“This person should just leave so-and-so, can’t they see they’re being abused?”. This one line is all too familiar for all of us to ignore, isn’t it?
The problem with a line like that is that it implies we know too much about a situation where we probably know nothing. After all, people don’t just remain in borderline abusive situations because they want to, right?
The actual reasons, unfortunately, are many. And no, they’re not what you’d expect either.
The Abuser Can Take Their Time Showing His True Colors
One of the many reasons why domestic violence is unreported is the survivor’s belief that what they experienced wasn’t actual violence.
Yes, it may sound odd, considering that violence can be very noticeable at times, but it happens.
This can be pinned down to the fact that the abuser will not show that they’re abusive at first. Much like a tea packet, they’ll take their time to really set the tone in.
“I knew him for five years before we got married,” one woman, M.A, tells us. “For three of those five, we were just friends. And he was a saint! He was the most perfect man on the planet.”
She continues. “A couple of months after we got married, he started being really controlling. At first, his tone was really gentle about it, like it was for my own good. Then, he just became demanding.”
Shame and the Stigma Behind Divorce
Although they’re very much encouraged to leave for their own welfare, these victims may find it incredibly hard to do so because of shame.
“The thing is, it’s embarrassing,” another woman, S.M, begins. “I know it’s not supposed to be but it is. No one would want people to find out that they’ve fallen for something like that. No one wants to be a victim.”
That’s not all. Sometimes the shame even feeds another stigma that Egypt still has. The infamous stigma against divorce. Sure, it’s decreasing now but some people still unconsciously nurture that mentality into their everyday lives.
This may include family members and relatives, who may end up encouraging a victim to stay in a domestically violent marriage because of “reputation”.

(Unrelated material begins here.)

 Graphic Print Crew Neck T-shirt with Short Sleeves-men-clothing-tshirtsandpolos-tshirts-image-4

One thing many people may not consider when first talking about domestic violence and abuse is money. Yes, it is a pretty huge factor.

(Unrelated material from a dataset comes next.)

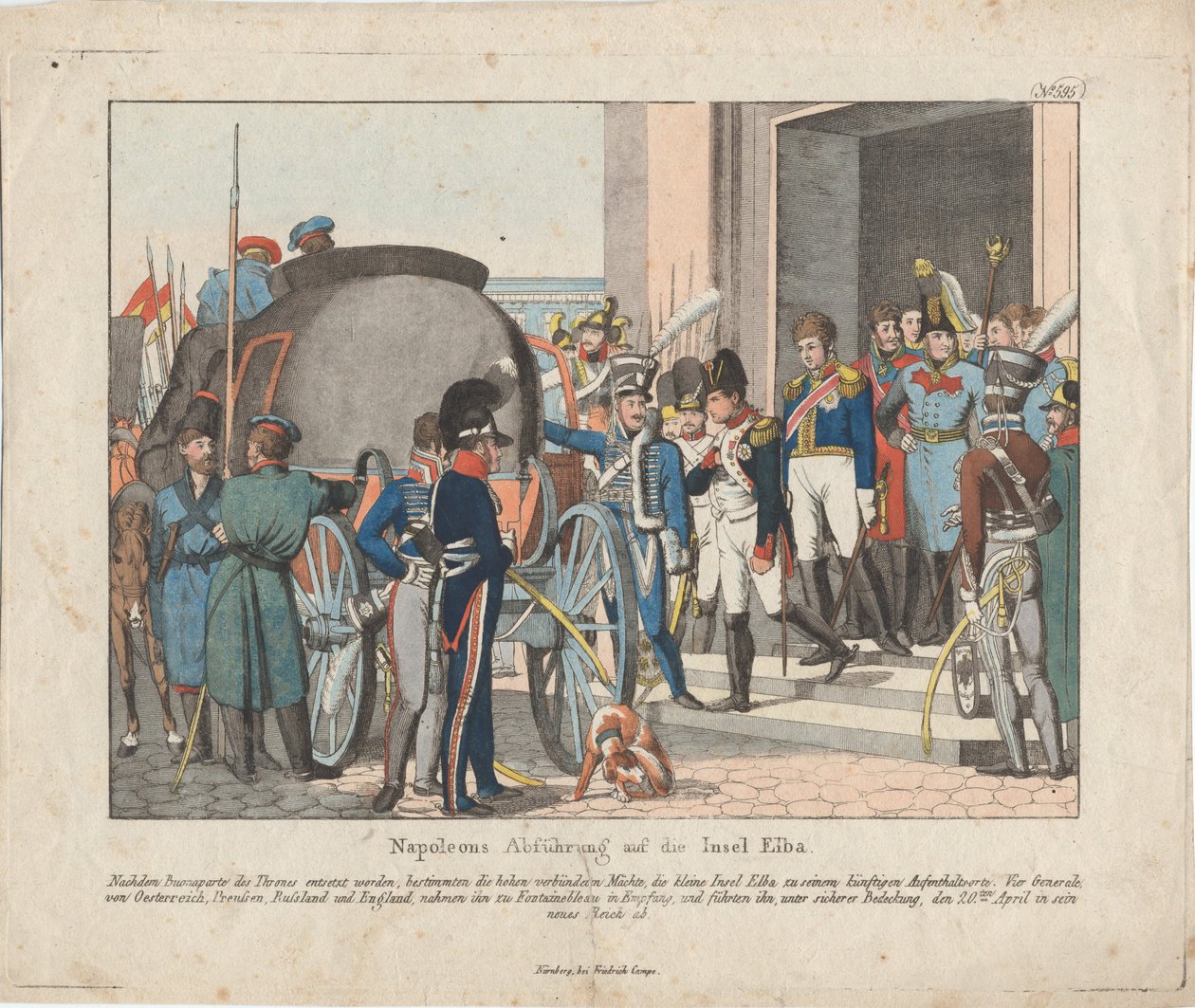A partida de Napoleão para a ilha de Elba de August Friedrich Andreas Campe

“He made me quit my job,” M.A continued. “He made me choose between him and my job even though he knew I loved my job. The thing is I loved him so much at that point, I blindly chose him.”

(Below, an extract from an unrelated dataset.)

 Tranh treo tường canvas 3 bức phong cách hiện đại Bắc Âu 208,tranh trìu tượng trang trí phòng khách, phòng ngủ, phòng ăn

So, what happens after you quit your job? You end up without an independent source of income, one that you could use if, say, your partner is being abusive and you need to leave them immediately.
Children Might Be Involved
Although no one would prefer to stay in a violent environment, many people do that because of a misinformed idea of selflessness.
People are more likely to remain in these situations if children are involved. These parents do that partially because of the stigma behind divorce, but mostly because they don’t want their children growing up in broken homes.
At times like these, it’s important to note that sometimes a divorce is the healthiest option for these children. Staying in a home that’s thinly taped up but otherwise broken will be worse than anything else this child will face.
Belief That Domestic Violence Is “A Man’s Thing”
A large portion of people might not report domestic violence or abuse. Not for anything other than the fact that these people might be men who are abused by women.
The belief that women are always, always, victims and that they cannot possibly be abusers is outright harmful. It makes cases go largely unreported when they should be and it makes the victims ashamed of speaking out because they can be seen as “less of a man”.
Domestic violence has no gender and it has no limits. If you know someone in such an environment, or if you yourself are suffering, please do not hesitate to seek aid.